Say I want to to calculate the squared Mahalanobis distance between two vectors x and y with covariance matrix S. This is a fairly simple function defined by
M2(x, y; S) = (x - y)^T * S^-1 * (x - y)
With python's numpy package I can do this as
# x, y = numpy.ndarray of shape (n,)
# s_inv = numpy.ndarray of shape (n, n)
diff = x - y
d2 = diff.T.dot(s_inv).dot(diff)
or in R as
diff <- x - y
d2 <- t(diff) %*% s_inv %*% diff
In my case, though, I am given
m by n matrix X
n-dimensional vector mu
n by n covariance matrix S
and want to find the m-dimensional vector d such that
d_i = M2(x_i, mu; S) ( i = 1 .. m )
where x_i is the ith row of X.
This is not difficult to accomplish using a simple loop in python:
d = numpy.zeros((m,))
for i in range(m):
diff = x[i,:] - mu
d[i] = diff.T.dot(s_inv).dot(diff)
Of course, given that the outer loop is happening in python instead of in native code in the numpy library means it's not as fast as it could be. $n$ and $m$ are about 3-4 and several hundred thousand respectively and I'm doing this somewhat often in an interactive program so a speedup would be very useful.

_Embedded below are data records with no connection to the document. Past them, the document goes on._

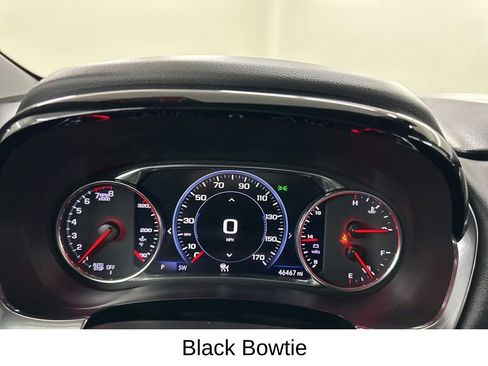 Certified 2023 Chevrolet Traverse Premier w/ Redline Edition image 42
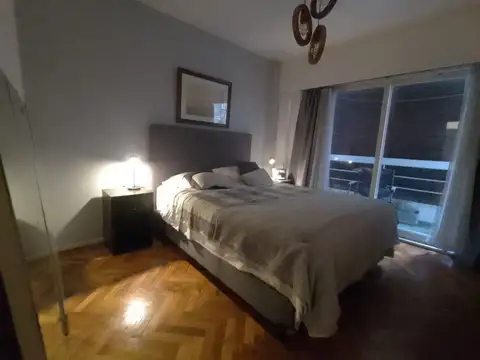 Departamento 4 ambientes con 1 baño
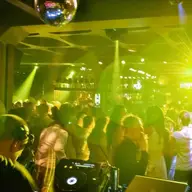 Alors on dance party with Dj Rom 1 from Saint Tropez la Fratelli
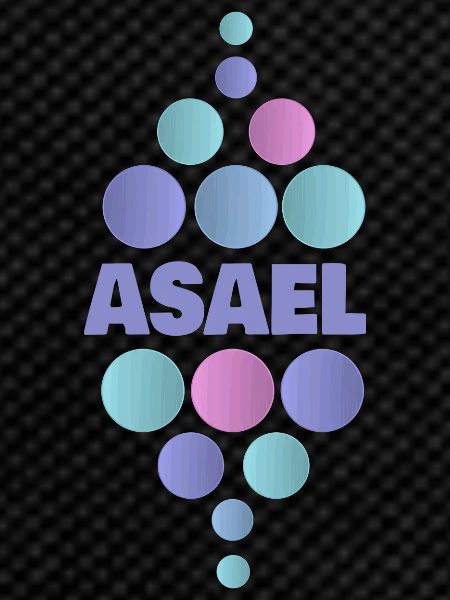 First name Asael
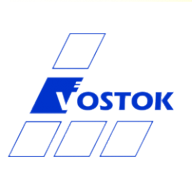 Логотип компании Восток-Сервис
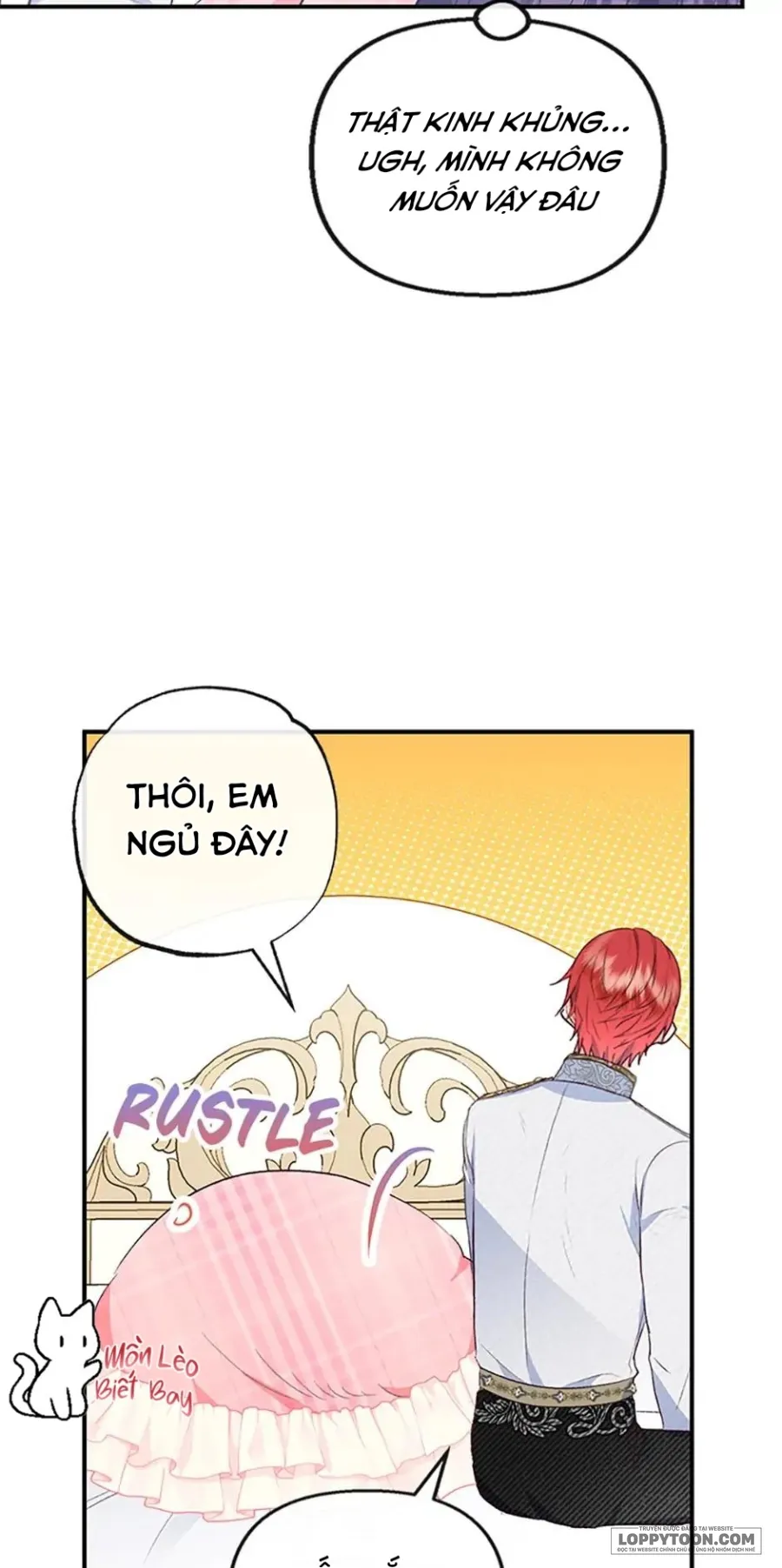 Con Gái Cưng Của Quỷ - Chap 31 - Trang 45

Mathematically, the only way I've been able to formulate this using basic matrix operations is
d = diag( X' * S^-1 * X'^T )
where
x'_i = x_i - mu
which is simple to write a vectorized version of, but this is unfortunately outweighed by the inefficiency of calculating a 10-billion-plus element matrix and only taking the diagonal... I believe this operation should be easily expressible using Einstein notation, and thus could hopefully be evaluated quickly with numpy's einsum function, but I haven't even begun to figure out how that black magic works.
So, I would like to know: is there either a nicer way to formulate this operation mathematically (in terms of simple matrix operations), or could someone suggest some nice vectorized (python or R) code that does this efficiently?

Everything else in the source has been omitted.